**Problem statement:** Only the lines from the one containing "Waxing Instagram, Esthetician" through the last line of the data are to be written out, exactly and in full.

**Records drawn from a dataset:**
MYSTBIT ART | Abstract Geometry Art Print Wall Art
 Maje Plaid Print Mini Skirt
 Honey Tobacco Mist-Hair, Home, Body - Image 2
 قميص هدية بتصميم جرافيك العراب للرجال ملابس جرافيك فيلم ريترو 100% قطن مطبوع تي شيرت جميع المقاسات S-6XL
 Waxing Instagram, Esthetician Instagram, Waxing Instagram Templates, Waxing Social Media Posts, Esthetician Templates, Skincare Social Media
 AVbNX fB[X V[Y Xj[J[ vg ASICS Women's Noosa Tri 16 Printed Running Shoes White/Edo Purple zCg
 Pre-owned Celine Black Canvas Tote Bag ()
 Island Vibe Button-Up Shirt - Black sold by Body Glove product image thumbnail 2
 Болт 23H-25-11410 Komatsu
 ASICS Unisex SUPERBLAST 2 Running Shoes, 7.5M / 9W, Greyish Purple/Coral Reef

**Response for this exercise:**
 Waxing Instagram, Esthetician Instagram, Waxing Instagram Templates, Waxing Social Media Posts, Esthetician Templates, Skincare Social Media
 AVbNX fB[X V[Y Xj[J[ vg ASICS Women's Noosa Tri 16 Printed Running Shoes White/Edo Purple zCg
 Pre-owned Celine Black Canvas Tote Bag ()
 Island Vibe Button-Up Shirt - Black sold by Body Glove product image thumbnail 2
 Болт 23H-25-11410 Komatsu
 ASICS Unisex SUPERBLAST 2 Running Shoes, 7.5M / 9W, Greyish Purple/Coral Reef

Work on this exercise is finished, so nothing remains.